#### ENTRIES PROVIDED:
--- START ---

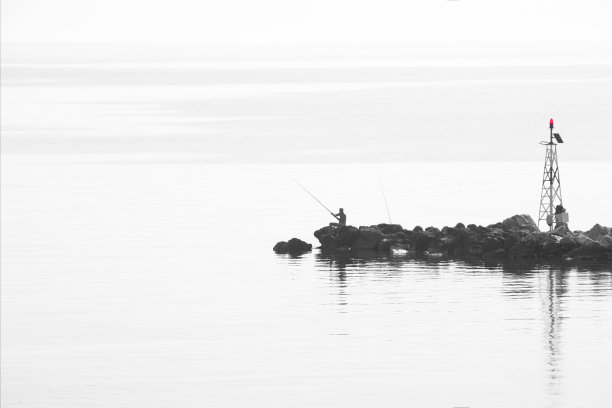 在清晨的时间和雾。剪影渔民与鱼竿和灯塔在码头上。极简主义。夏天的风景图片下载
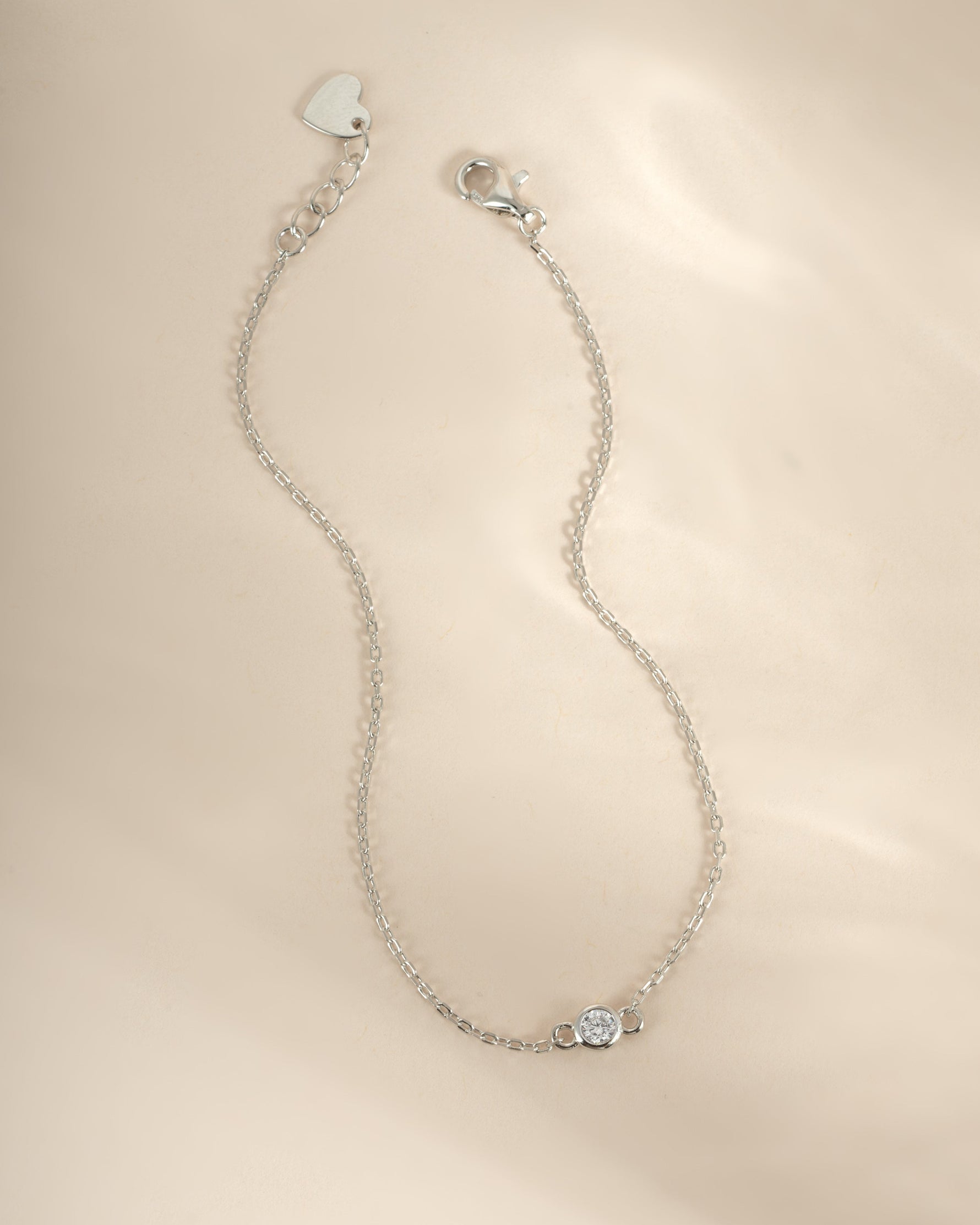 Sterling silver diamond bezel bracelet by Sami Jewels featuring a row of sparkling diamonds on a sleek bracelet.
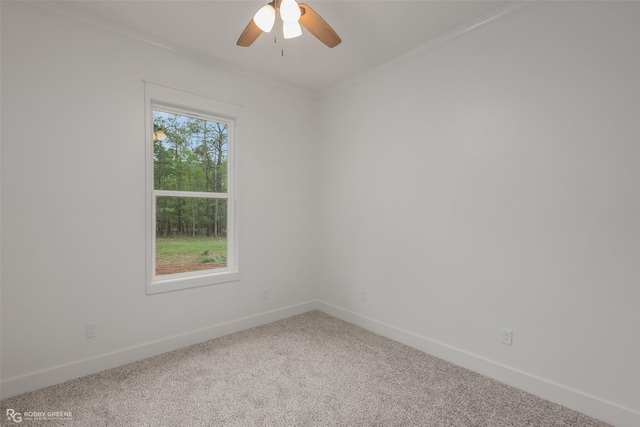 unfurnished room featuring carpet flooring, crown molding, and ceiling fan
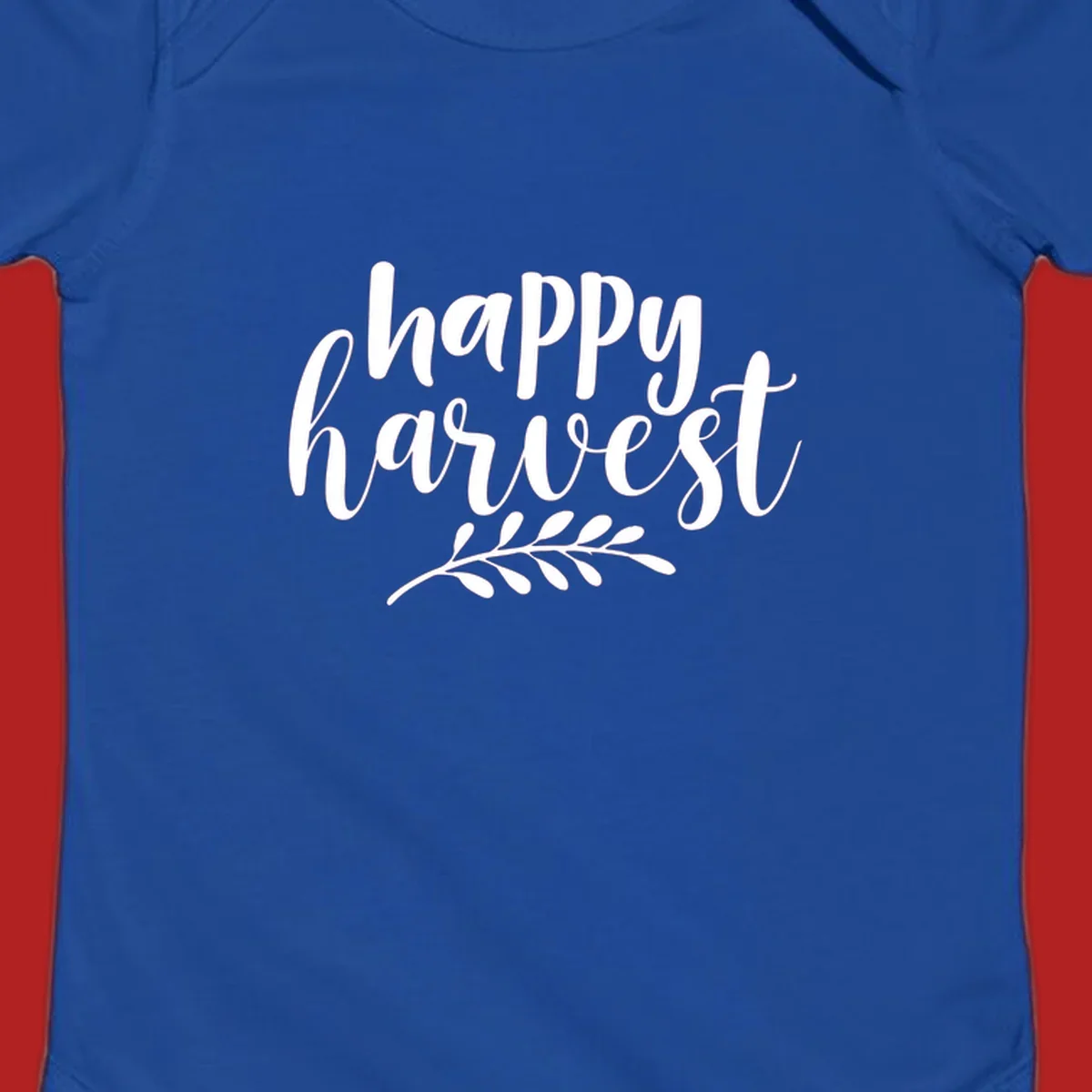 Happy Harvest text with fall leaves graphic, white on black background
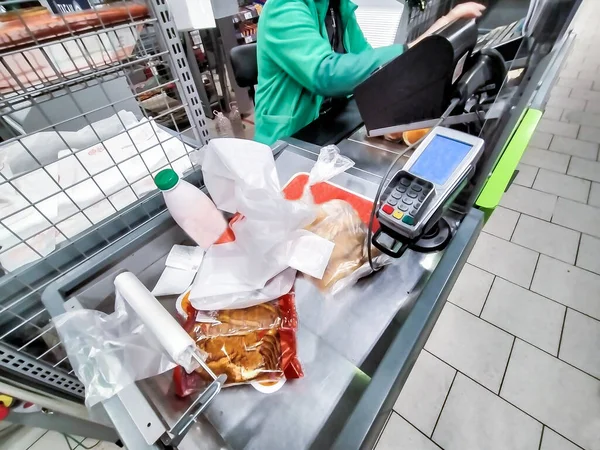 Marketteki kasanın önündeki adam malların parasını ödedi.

--- END ---

#### WHAT TO DO:
When you copy the lines above, drop the pictures and keep everything else exact.

#### SOLUTION:
 在清晨的时间和雾。剪影渔民与鱼竿和灯塔在码头上。极简主义。夏天的风景图片下载
 Sterling silver diamond bezel bracelet by Sami Jewels featuring a row of sparkling diamonds on a sleek bracelet.
 unfurnished room featuring carpet flooring, crown molding, and ceiling fan
 Happy Harvest text with fall leaves graphic, white on black background
 Marketteki kasanın önündeki adam malların parasını ödedi.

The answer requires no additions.